Material for this exercise:
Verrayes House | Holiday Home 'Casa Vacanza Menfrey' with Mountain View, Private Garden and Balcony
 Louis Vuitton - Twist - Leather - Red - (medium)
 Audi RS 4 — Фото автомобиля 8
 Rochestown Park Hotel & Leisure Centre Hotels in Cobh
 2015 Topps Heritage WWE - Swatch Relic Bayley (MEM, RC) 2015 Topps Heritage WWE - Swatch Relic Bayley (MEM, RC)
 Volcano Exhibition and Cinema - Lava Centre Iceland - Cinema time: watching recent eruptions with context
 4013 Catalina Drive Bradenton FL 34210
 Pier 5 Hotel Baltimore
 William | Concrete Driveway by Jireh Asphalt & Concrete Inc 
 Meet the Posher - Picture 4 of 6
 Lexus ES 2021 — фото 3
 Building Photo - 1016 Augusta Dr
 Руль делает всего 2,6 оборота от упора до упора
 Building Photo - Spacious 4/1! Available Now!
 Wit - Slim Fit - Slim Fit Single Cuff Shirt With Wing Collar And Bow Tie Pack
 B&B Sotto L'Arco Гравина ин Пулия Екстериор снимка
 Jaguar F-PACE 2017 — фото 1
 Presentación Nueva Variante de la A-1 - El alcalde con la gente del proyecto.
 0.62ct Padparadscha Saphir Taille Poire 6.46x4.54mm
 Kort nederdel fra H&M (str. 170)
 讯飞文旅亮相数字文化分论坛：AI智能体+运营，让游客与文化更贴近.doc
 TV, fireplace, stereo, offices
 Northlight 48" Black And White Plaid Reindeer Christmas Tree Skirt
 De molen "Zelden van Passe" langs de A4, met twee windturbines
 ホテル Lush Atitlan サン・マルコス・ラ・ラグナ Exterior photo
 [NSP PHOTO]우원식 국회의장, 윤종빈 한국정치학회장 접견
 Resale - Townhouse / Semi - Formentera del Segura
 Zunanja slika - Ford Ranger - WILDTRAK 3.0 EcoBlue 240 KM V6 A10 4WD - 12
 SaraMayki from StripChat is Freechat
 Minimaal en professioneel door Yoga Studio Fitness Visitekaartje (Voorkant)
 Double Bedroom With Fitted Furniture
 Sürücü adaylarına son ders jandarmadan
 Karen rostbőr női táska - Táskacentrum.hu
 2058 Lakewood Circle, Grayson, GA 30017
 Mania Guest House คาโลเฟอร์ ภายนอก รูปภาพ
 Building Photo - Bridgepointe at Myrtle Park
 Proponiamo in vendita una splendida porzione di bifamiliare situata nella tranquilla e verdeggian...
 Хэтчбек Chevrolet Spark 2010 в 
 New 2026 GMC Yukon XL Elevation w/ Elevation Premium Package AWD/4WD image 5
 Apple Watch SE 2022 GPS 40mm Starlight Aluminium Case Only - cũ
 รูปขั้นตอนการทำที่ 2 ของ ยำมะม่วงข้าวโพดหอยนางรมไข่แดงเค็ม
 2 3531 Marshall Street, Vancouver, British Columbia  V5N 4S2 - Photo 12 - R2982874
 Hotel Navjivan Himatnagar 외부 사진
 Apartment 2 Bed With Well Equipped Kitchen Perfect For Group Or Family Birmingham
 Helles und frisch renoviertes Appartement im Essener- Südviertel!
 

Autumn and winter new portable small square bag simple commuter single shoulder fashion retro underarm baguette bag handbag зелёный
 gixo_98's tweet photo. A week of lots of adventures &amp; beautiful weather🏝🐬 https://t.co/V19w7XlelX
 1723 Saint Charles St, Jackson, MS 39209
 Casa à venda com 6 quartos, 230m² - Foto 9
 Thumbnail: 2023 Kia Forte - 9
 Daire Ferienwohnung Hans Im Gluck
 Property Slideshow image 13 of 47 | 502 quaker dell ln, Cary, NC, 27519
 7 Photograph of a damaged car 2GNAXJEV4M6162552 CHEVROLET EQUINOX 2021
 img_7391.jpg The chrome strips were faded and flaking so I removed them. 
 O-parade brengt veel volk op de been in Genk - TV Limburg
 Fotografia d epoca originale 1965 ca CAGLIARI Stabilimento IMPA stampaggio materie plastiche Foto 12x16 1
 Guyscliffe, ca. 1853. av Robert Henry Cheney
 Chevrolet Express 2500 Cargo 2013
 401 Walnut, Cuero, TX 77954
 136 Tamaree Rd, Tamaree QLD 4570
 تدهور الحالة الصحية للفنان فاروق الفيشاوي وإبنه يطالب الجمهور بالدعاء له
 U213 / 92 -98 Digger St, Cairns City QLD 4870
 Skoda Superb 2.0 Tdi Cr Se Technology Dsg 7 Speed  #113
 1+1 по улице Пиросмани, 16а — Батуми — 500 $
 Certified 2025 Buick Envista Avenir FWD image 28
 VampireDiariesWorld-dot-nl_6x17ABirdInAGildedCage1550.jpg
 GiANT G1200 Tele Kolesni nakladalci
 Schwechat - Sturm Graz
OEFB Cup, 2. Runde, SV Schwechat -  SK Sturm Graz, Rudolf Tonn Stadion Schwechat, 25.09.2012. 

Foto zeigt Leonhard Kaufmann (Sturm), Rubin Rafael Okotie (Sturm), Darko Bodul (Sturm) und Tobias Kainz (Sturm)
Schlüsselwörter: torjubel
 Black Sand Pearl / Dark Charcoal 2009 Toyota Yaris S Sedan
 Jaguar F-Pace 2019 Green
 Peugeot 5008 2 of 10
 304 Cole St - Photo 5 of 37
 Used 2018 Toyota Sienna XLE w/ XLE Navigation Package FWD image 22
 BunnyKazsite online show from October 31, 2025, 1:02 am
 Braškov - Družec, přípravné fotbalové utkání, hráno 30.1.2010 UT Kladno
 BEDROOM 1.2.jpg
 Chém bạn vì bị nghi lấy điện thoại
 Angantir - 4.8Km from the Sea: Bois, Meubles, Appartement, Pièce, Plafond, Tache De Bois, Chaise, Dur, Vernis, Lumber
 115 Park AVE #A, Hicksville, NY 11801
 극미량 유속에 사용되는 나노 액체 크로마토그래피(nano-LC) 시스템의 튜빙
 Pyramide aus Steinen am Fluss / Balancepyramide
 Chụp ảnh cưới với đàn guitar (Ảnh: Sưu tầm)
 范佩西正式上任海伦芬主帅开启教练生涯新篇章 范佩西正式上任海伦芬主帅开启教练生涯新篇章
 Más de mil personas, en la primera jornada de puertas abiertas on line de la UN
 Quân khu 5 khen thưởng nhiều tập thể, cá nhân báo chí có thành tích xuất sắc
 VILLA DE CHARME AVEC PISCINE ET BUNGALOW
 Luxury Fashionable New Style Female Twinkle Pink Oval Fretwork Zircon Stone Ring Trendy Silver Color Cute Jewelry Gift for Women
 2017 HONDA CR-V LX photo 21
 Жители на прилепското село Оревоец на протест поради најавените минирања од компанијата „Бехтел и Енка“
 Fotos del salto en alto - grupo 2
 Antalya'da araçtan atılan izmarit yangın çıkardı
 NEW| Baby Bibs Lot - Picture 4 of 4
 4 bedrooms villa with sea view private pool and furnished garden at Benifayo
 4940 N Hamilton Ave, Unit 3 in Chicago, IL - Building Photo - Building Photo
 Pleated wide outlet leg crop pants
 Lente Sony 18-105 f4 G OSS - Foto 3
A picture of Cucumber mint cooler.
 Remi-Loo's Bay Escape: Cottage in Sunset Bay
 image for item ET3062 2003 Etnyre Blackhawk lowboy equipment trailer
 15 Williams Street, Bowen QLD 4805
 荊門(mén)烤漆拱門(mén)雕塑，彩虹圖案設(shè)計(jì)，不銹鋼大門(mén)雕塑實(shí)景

Task goal:
From the first line to the last, repeat the records exactly.

Response area:
Verrayes House | Holiday Home 'Casa Vacanza Menfrey' with Mountain View, Private Garden and Balcony
 Louis Vuitton - Twist - Leather - Red - (medium)
 Audi RS 4 — Фото автомобиля 8
 Rochestown Park Hotel & Leisure Centre Hotels in Cobh
 2015 Topps Heritage WWE - Swatch Relic Bayley (MEM, RC) 2015 Topps Heritage WWE - Swatch Relic Bayley (MEM, RC)
 Volcano Exhibition and Cinema - Lava Centre Iceland - Cinema time: watching recent eruptions with context
 4013 Catalina Drive Bradenton FL 34210
 Pier 5 Hotel Baltimore
 William | Concrete Driveway by Jireh Asphalt & Concrete Inc 
 Meet the Posher - Picture 4 of 6
 Lexus ES 2021 — фото 3
 Building Photo - 1016 Augusta Dr
 Руль делает всего 2,6 оборота от упора до упора
 Building Photo - Spacious 4/1! Available Now!
 Wit - Slim Fit - Slim Fit Single Cuff Shirt With Wing Collar And Bow Tie Pack
 B&B Sotto L'Arco Гравина ин Пулия Екстериор снимка
 Jaguar F-PACE 2017 — фото 1
 Presentación Nueva Variante de la A-1 - El alcalde con la gente del proyecto.
 0.62ct Padparadscha Saphir Taille Poire 6.46x4.54mm
 Kort nederdel fra H&M (str. 170)
 讯飞文旅亮相数字文化分论坛：AI智能体+运营，让游客与文化更贴近.doc
 TV, fireplace, stereo, offices
 Northlight 48" Black And White Plaid Reindeer Christmas Tree Skirt
 De molen "Zelden van Passe" langs de A4, met twee windturbines
 ホテル Lush Atitlan サン・マルコス・ラ・ラグナ Exterior photo
 [NSP PHOTO]우원식 국회의장, 윤종빈 한국정치학회장 접견
 Resale - Townhouse / Semi - Formentera del Segura
 Zunanja slika - Ford Ranger - WILDTRAK 3.0 EcoBlue 240 KM V6 A10 4WD - 12
 SaraMayki from StripChat is Freechat
 Minimaal en professioneel door Yoga Studio Fitness Visitekaartje (Voorkant)
 Double Bedroom With Fitted Furniture
 Sürücü adaylarına son ders jandarmadan
 Karen rostbőr női táska - Táskacentrum.hu
 2058 Lakewood Circle, Grayson, GA 30017
 Mania Guest House คาโลเฟอร์ ภายนอก รูปภาพ
 Building Photo - Bridgepointe at Myrtle Park
 Proponiamo in vendita una splendida porzione di bifamiliare situata nella tranquilla e verdeggian...
 Хэтчбек Chevrolet Spark 2010 в 
 New 2026 GMC Yukon XL Elevation w/ Elevation Premium Package AWD/4WD image 5
 Apple Watch SE 2022 GPS 40mm Starlight Aluminium Case Only - cũ
 รูปขั้นตอนการทำที่ 2 ของ ยำมะม่วงข้าวโพดหอยนางรมไข่แดงเค็ม
 2 3531 Marshall Street, Vancouver, British Columbia  V5N 4S2 - Photo 12 - R2982874
 Hotel Navjivan Himatnagar 외부 사진
 Apartment 2 Bed With Well Equipped Kitchen Perfect For Group Or Family Birmingham
 Helles und frisch renoviertes Appartement im Essener- Südviertel!
 

Autumn and winter new portable small square bag simple commuter single shoulder fashion retro underarm baguette bag handbag зелёный
 gixo_98's tweet photo. A week of lots of adventures &amp; beautiful weather🏝🐬 https://t.co/V19w7XlelX
 1723 Saint Charles St, Jackson, MS 39209
 Casa à venda com 6 quartos, 230m² - Foto 9
 Thumbnail: 2023 Kia Forte - 9
 Daire Ferienwohnung Hans Im Gluck
 Property Slideshow image 13 of 47 | 502 quaker dell ln, Cary, NC, 27519
 7 Photograph of a damaged car 2GNAXJEV4M6162552 CHEVROLET EQUINOX 2021
 img_7391.jpg The chrome strips were faded and flaking so I removed them. 
 O-parade brengt veel volk op de been in Genk - TV Limburg
 Fotografia d epoca originale 1965 ca CAGLIARI Stabilimento IMPA stampaggio materie plastiche Foto 12x16 1
 Guyscliffe, ca. 1853. av Robert Henry Cheney
 Chevrolet Express 2500 Cargo 2013
 401 Walnut, Cuero, TX 77954
 136 Tamaree Rd, Tamaree QLD 4570
 تدهور الحالة الصحية للفنان فاروق الفيشاوي وإبنه يطالب الجمهور بالدعاء له
 U213 / 92 -98 Digger St, Cairns City QLD 4870
 Skoda Superb 2.0 Tdi Cr Se Technology Dsg 7 Speed  #113
 1+1 по улице Пиросмани, 16а — Батуми — 500 $
 Certified 2025 Buick Envista Avenir FWD image 28
 VampireDiariesWorld-dot-nl_6x17ABirdInAGildedCage1550.jpg
 GiANT G1200 Tele Kolesni nakladalci
 Schwechat - Sturm Graz
OEFB Cup, 2. Runde, SV Schwechat -  SK Sturm Graz, Rudolf Tonn Stadion Schwechat, 25.09.2012. 

Foto zeigt Leonhard Kaufmann (Sturm), Rubin Rafael Okotie (Sturm), Darko Bodul (Sturm) und Tobias Kainz (Sturm)
Schlüsselwörter: torjubel
 Black Sand Pearl / Dark Charcoal 2009 Toyota Yaris S Sedan
 Jaguar F-Pace 2019 Green
 Peugeot 5008 2 of 10
 304 Cole St - Photo 5 of 37
 Used 2018 Toyota Sienna XLE w/ XLE Navigation Package FWD image 22
 BunnyKazsite online show from October 31, 2025, 1:02 am
 Braškov - Družec, přípravné fotbalové utkání, hráno 30.1.2010 UT Kladno
 BEDROOM 1.2.jpg
 Chém bạn vì bị nghi lấy điện thoại
 Angantir - 4.8Km from the Sea: Bois, Meubles, Appartement, Pièce, Plafond, Tache De Bois, Chaise, Dur, Vernis, Lumber
 115 Park AVE #A, Hicksville, NY 11801
 극미량 유속에 사용되는 나노 액체 크로마토그래피(nano-LC) 시스템의 튜빙
 Pyramide aus Steinen am Fluss / Balancepyramide
 Chụp ảnh cưới với đàn guitar (Ảnh: Sưu tầm)
 范佩西正式上任海伦芬主帅开启教练生涯新篇章 范佩西正式上任海伦芬主帅开启教练生涯新篇章
 Más de mil personas, en la primera jornada de puertas abiertas on line de la UN
 Quân khu 5 khen thưởng nhiều tập thể, cá nhân báo chí có thành tích xuất sắc
 VILLA DE CHARME AVEC PISCINE ET BUNGALOW
 Luxury Fashionable New Style Female Twinkle Pink Oval Fretwork Zircon Stone Ring Trendy Silver Color Cute Jewelry Gift for Women
 2017 HONDA CR-V LX photo 21
 Жители на прилепското село Оревоец на протест поради најавените минирања од компанијата „Бехтел и Енка“
 Fotos del salto en alto - grupo 2
 Antalya'da araçtan atılan izmarit yangın çıkardı
 NEW| Baby Bibs Lot - Picture 4 of 4
 4 bedrooms villa with sea view private pool and furnished garden at Benifayo
 4940 N Hamilton Ave, Unit 3 in Chicago, IL - Building Photo - Building Photo
 Pleated wide outlet leg crop pants
 Lente Sony 18-105 f4 G OSS - Foto 3
A picture of Cucumber mint cooler.
 Remi-Loo's Bay Escape: Cottage in Sunset Bay
 image for item ET3062 2003 Etnyre Blackhawk lowboy equipment trailer
 15 Williams Street, Bowen QLD 4805
 荊門(mén)烤漆拱門(mén)雕塑，彩虹圖案設(shè)計(jì)，不銹鋼大門(mén)雕塑實(shí)景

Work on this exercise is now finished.